The study “Long-COVID-19: the persisting imprint of SARS-CoV-2 infections on the innate immune system” provides significant insights into the long-term effects of COVID-19 on the immune system.

Here’s a summary:

  1. Study Overview: The research by Cheong et al. focused on how COVID-19 causes interleukin-6 (IL-6) induced epigenetic reprogramming of human immune stem cells, leading to lasting alterations in the composition and response characteristics of circulating immune cells. This study is crucial in understanding the mechanisms of post-acute sequelae of COVID-19 (PASC), commonly referred to as long-COVID​​.
  2. Methodology and Findings:
    • Cheong et al. investigated changes in patients’ circulating immune cells after the clearance of acute SARS-CoV-2 infection, analyzing samples from COVID-19 convalescent patients and comparing them to non-infected controls. The focus was on peripheral blood mononuclear cells (PBMCs), particularly CD14+ monocytes, using transcriptome analysis and ATAC-seq sequencing.
    • CD14+ monocytes showed the most drastic changes, with one cluster, M.SC3, being more abundant even 12 months after infection. These cells resembled intermediate-type monocytes with enhanced antigen-presenting capabilities. Post-COVID monocytes exhibited up to a 100-fold increase in the secretion of proinflammatory cytokines and heightened transcriptional responses related to cytokine signaling and monocyte activation.
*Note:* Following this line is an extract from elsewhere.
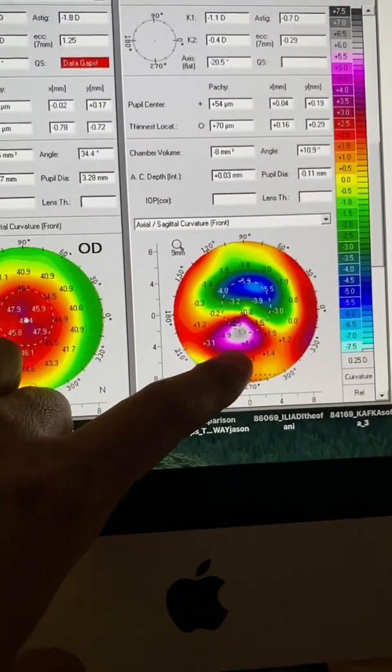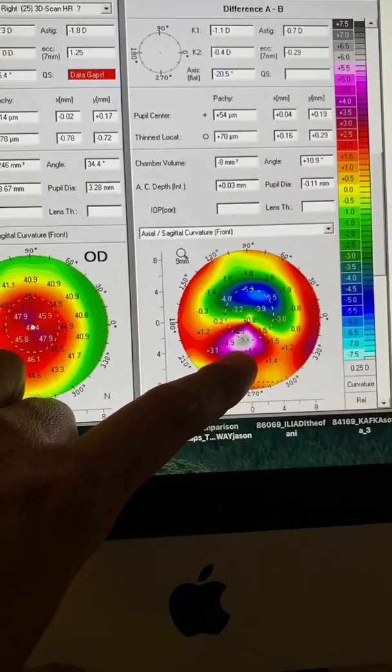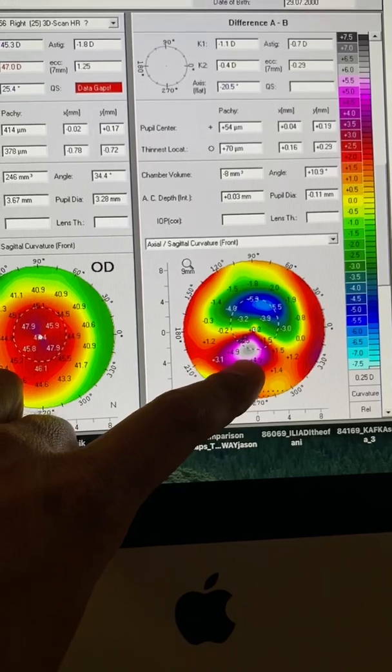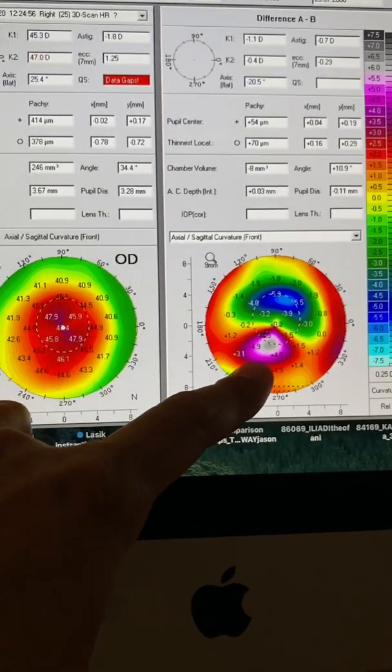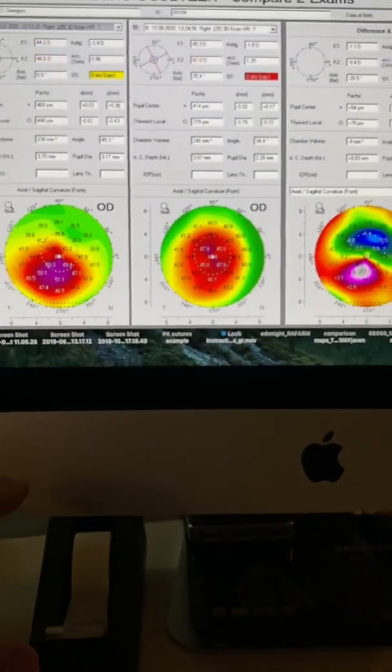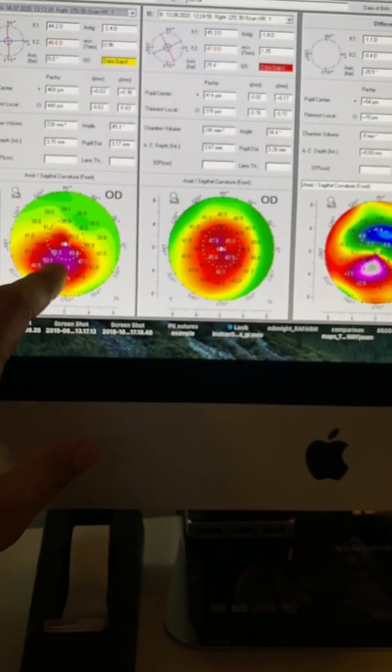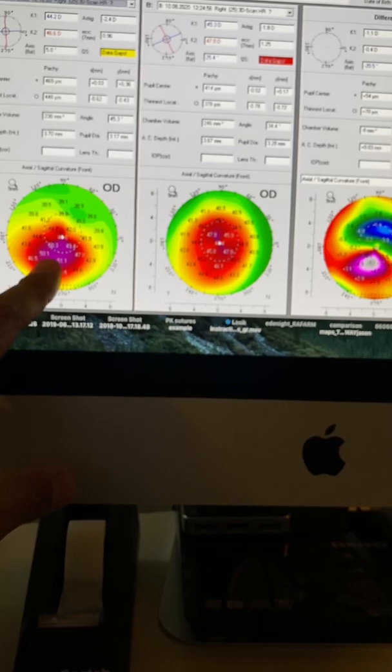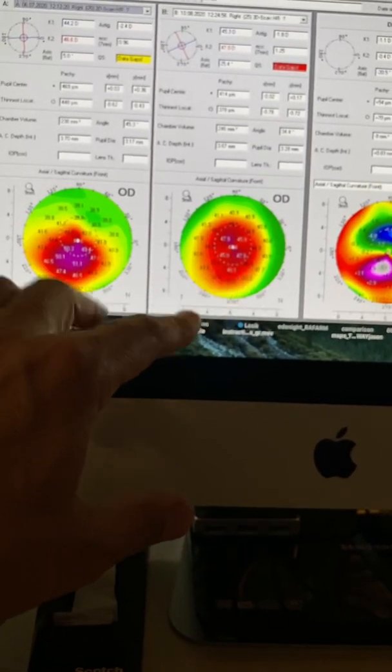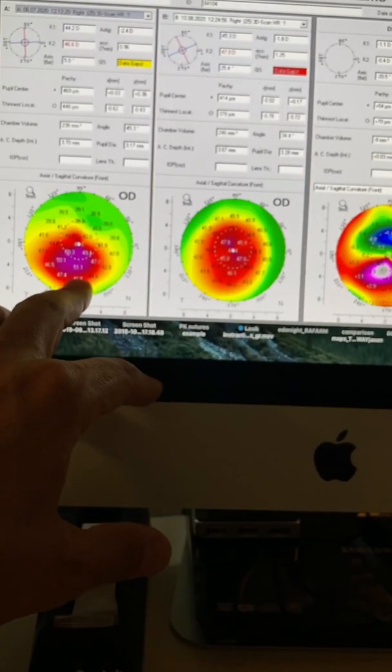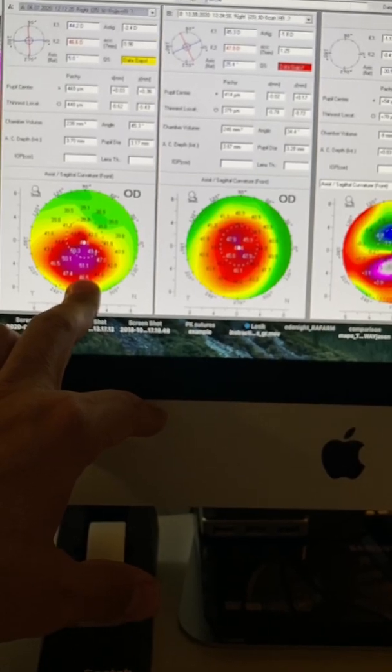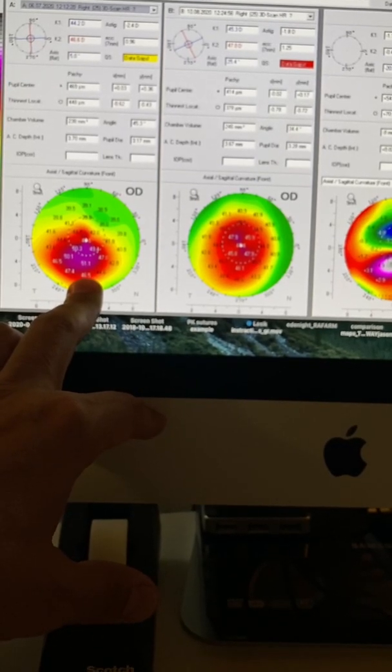And we have a flattening of the cone of about seven diopters here. It's not just the flattening of the cone, it's the fact that this is done right where the cone was. So this shows the second rotation adjustment that the EX500 did in this topography guided normalization.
Persistent epigenetic changes were observed in these cells, indicating a state of heightened alertness​​.
  3. Implications for Understanding Long COVID:
    • The discovery that IL-6 induces epigenetic reprogramming of immune cells, leading to persistent immune changes in post-COVID monocytes, is a critical step toward understanding the etiology of long COVID. These findings suggest the concept of ‘trained immunity’ or ‘innate immune memory,’ where the immune system retains a memory of past infections, leading to altered responses to subsequent challenges.
    • The study’s results also have implications for understanding the mechanism of anti-IL6R therapies, which are used in various diseases including rheumatoid arthritis and cytokine release syndrome associated with cancer therapies. The ability to reprogram hematopoietic stem and progenitor cells (HSPCs) into less debilitating epigenetic states could be crucial in preventing and treating the adverse consequences of an ill-trained innate immune system​​.

This research contributes significantly to the understanding of long COVID, particularly in the context of the immune system’s response to SARS-CoV-2 infection, and lays the groundwork for future studies and potential therapeutic strategies.